The adoption of e-cycles is picking up pace in the country, thanks to them being more eco-friendly and cost-effective compared to traditional engine vehicles, especially for short-distance commutes. Over the past few years, brands such as Hero Lectro, Firefox, GoZero Mobility, Zadd Bikes, Giant Bicycles, EMotorad and Motovolt Mobility have entered the fray and are banking on innovative features and competitive pricing to push category growth. A Netscribes industry report says while the share of e-cycles sold last year was less than a percent on the overall cycle market but is expected to grow to 3.45% by 2027 with a CAGR of 49.74%.

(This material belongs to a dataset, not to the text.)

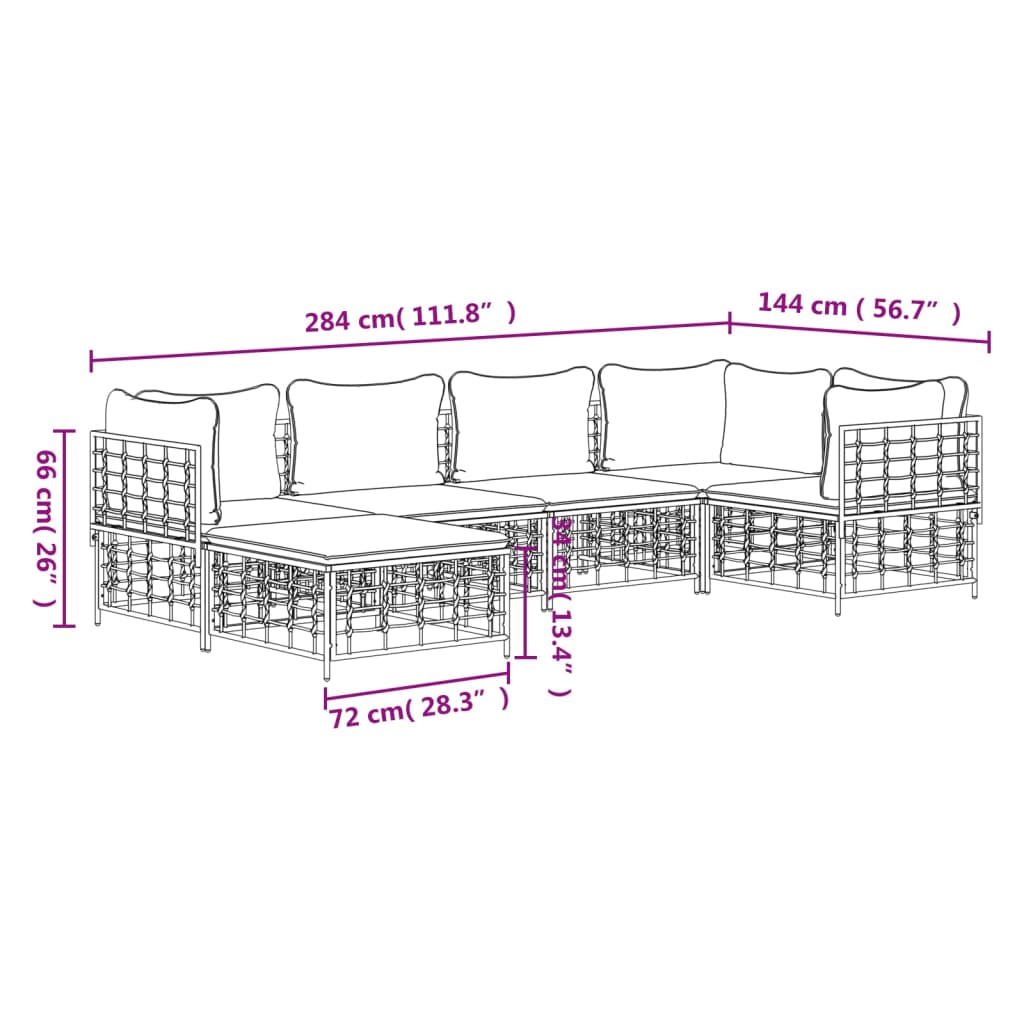 7-tlg. Garten-Lounge-Set mit Kissen Anthrazit Poly Rattan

E-bicycles will grow at the expense of two- wheelers, notes Anand Ramanathan, partner, Deloitte India. Experts also note that for e-cycle brands, the task is not just growing their own brands but also growing the category as a whole and taking it mainstream. Not only does the country lack cyclist-friendly infrastructure, it also lacks general awareness about the advantages of electric vehicles. To tackle the issue, Motovolt Mobility conducts regular camps to acquaint people with the idea of electric cycles and their ease of use. The brand is also trying to fill the gap in the market between the lowest value option for personal mobility (a branded bicycle) that starts around Rs. 5,000, and the next option of a scooter at around Rs. 70,000 by pricing its e-cycles between Rs. 28,000 and Rs. 45,000. Tushar Choudhary, founder and CEO, says e-bicycles contribute to almost 95% of its revenue currently.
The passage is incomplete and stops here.